With the new documentary on love addiction out today in Denmark (congrats Pernille!) it brought me back to remembering that uncomfortable place of trying to force a relationship. Mind you, I never thought of it as “force.” That would mean holding a gun to someone’s head. And I never did that. But what I did do was wrack my brain trying to figure out how to make my relationship work, and I expended a huge, imbalanced amount of energy trying to convince G that we were perfect for each other…if only he’d change just a little.
I spent hours writing in my journal trying to understand what I was doing wrong. I nagged G to “grow up” and recognize that I was the best thing that ever came his way. I put myself in compromisng situations all for the sake of “saving” the relationship. I gave up the possibility of healthy love and settled for meh. And, I hate to admit it, I lost a little dignity accepting and allowing his neglect and avoidance of me, all the while telling myself, “he just needs his space,” or “he really wants to be with me but he has emotional barriers he needs to overcome.”
Looking back, that was pure silliness. He did have emotional barriers and he had no desire of overcoming them. He was, by nature, avoidant, and he liked it that way. And he didn’t want to grow up (why grow up when you can smoke pot all day and have little to no responsibility?) Instead of accepting these traits for what they were and accepting the fact that there was nothing I could do to change them, I tried to force a square peg into a round hole and I did it over and over and over, as if I were mentally challenged. What do you mean this square won’t fit into this round hole? Like hell. I’ll make it fit if it’s the last thing I do. But it never fit, my friends. Never.
Was it Einstein who realized that insanity is when we do the same thing over and over, expecting a different result? Well, that’s what you are doing when you try to force something to be something it’s not.
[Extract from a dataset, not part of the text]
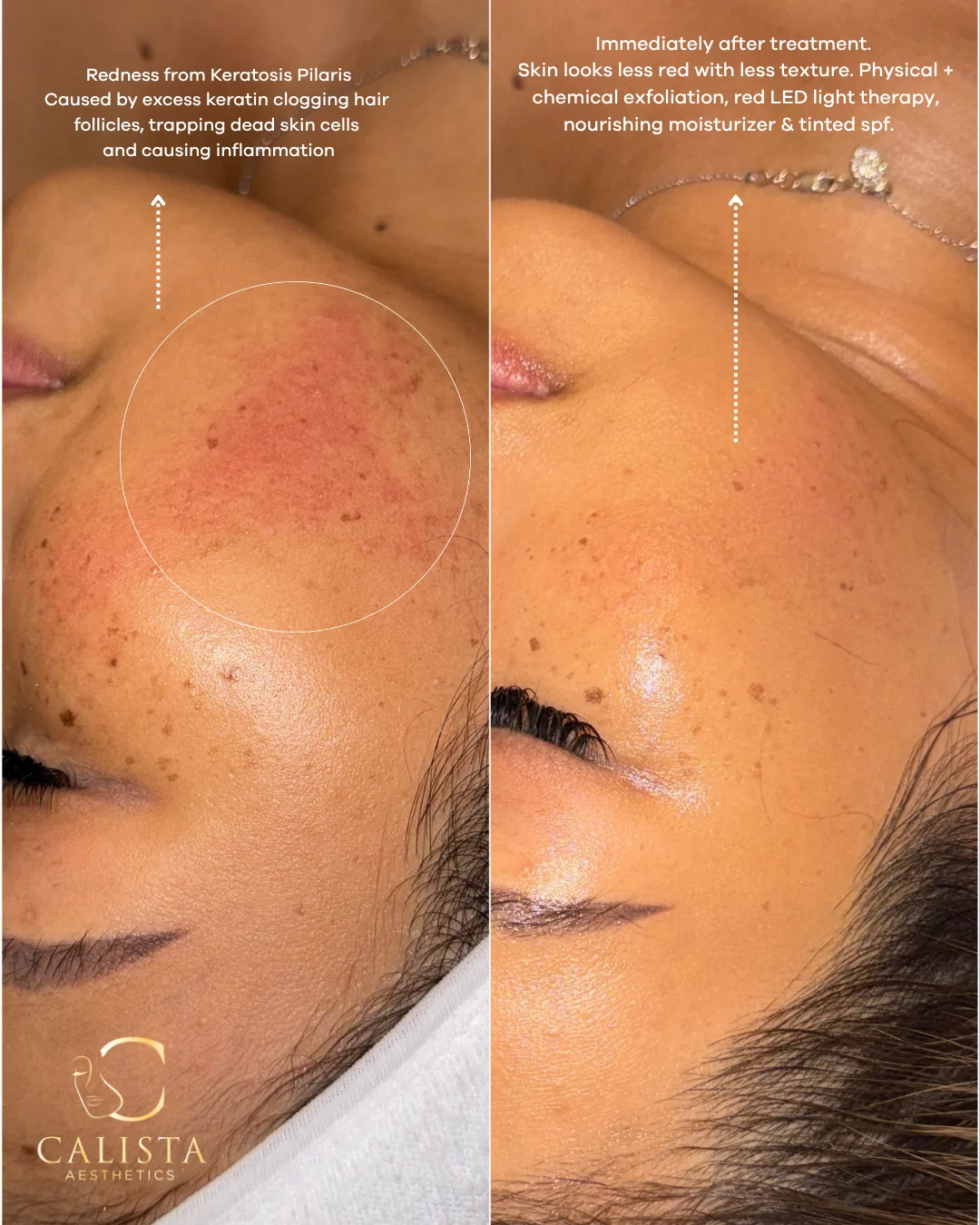 Annotated cheek comparison showing exfoliation, red LED light therapy, moisturizer and tinted SPF for keratosis pilaris care.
We cannot tug at the roots of our flowers in the winter to make them grow. We cannot capture a bullfrog and expect it to be a bluebird. And we cannot force a relationship to be something it’s not.
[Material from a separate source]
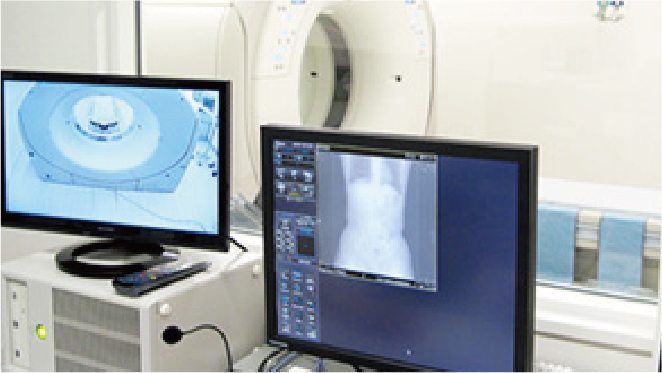 CT（80列検出器/160スライスCT）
So, here are several situations to consider if you think you might be forcing a relationship, or if you think that maybe, it’s time to let go.
- You find yourself giving 80-100% most of the time to get your relationship to work.
- You’re frustrated with your partner and feel as though he or she isn’t “giving” enough.
- You meet with constant resistance or rejection from your partner— for example, if you ask him or her to go out with you (on a date, to the store, to see a friend, to come over, etc.) and “No” (or even, “Oh, I would love to, but I can’t”) is the usual response, then you are probably forcing the relationship and it’s time to step back.
- You are carrying the weight, making all the arrangements, doing all the talking, and generally “controlling” the relationship because he “can’t” or won’t.
- You find yourself begging or constantly trying to convince your partner to spend time with you: “Oh, come on. Let’s go away for the weekend. Please! It’s just two days. You can be back to work in no time. I sware I’ll let you have some time alone if you just come with me.”
- The effort is all on you in communication: you’re the one who calls, writes, texts, emails, and you’re the one who is first to engage (with little to no response from his end).
- You constantly wait for change: You believe if he/she will just change this one aspect then the two of you will have the perfect relationship.
- You find yourself alone more often than not.
- You push your partner even when you notice your partner retreating or shutting down and you continue to push him or her to be involved.
- You spend most or all of your time trying to make the relationship work: Relationships should be an enjoyment. They do take some work, but if you feel constantly stressed out, frustrated, sad, in pain, angry or apathetic, something is wrong.
When you have tried everything there is to get your partner to respond to you and take part in the relationship and it’s still not working, it’s time to accept that the relationship might not be working. Period. Further, ask yourself why you’re so unwilling to give up and move on. Do you not think you’re worth better treatment? Do you not know that relationships are supposed to be more peaceful, mutual and balanced? Figure out what’s holding you back and try to address any internal insecurities you may have. You may love someone truly, madly, deeply, and that someone may love you back. But if they don’t step up to the plate and put as much action and effort into the relationship, their words of love are meaningless. Their behavior is a sign that they do not want the same kind of mutual relationship you do. In recovery, you need to be willing to accept that and if necessary, move on.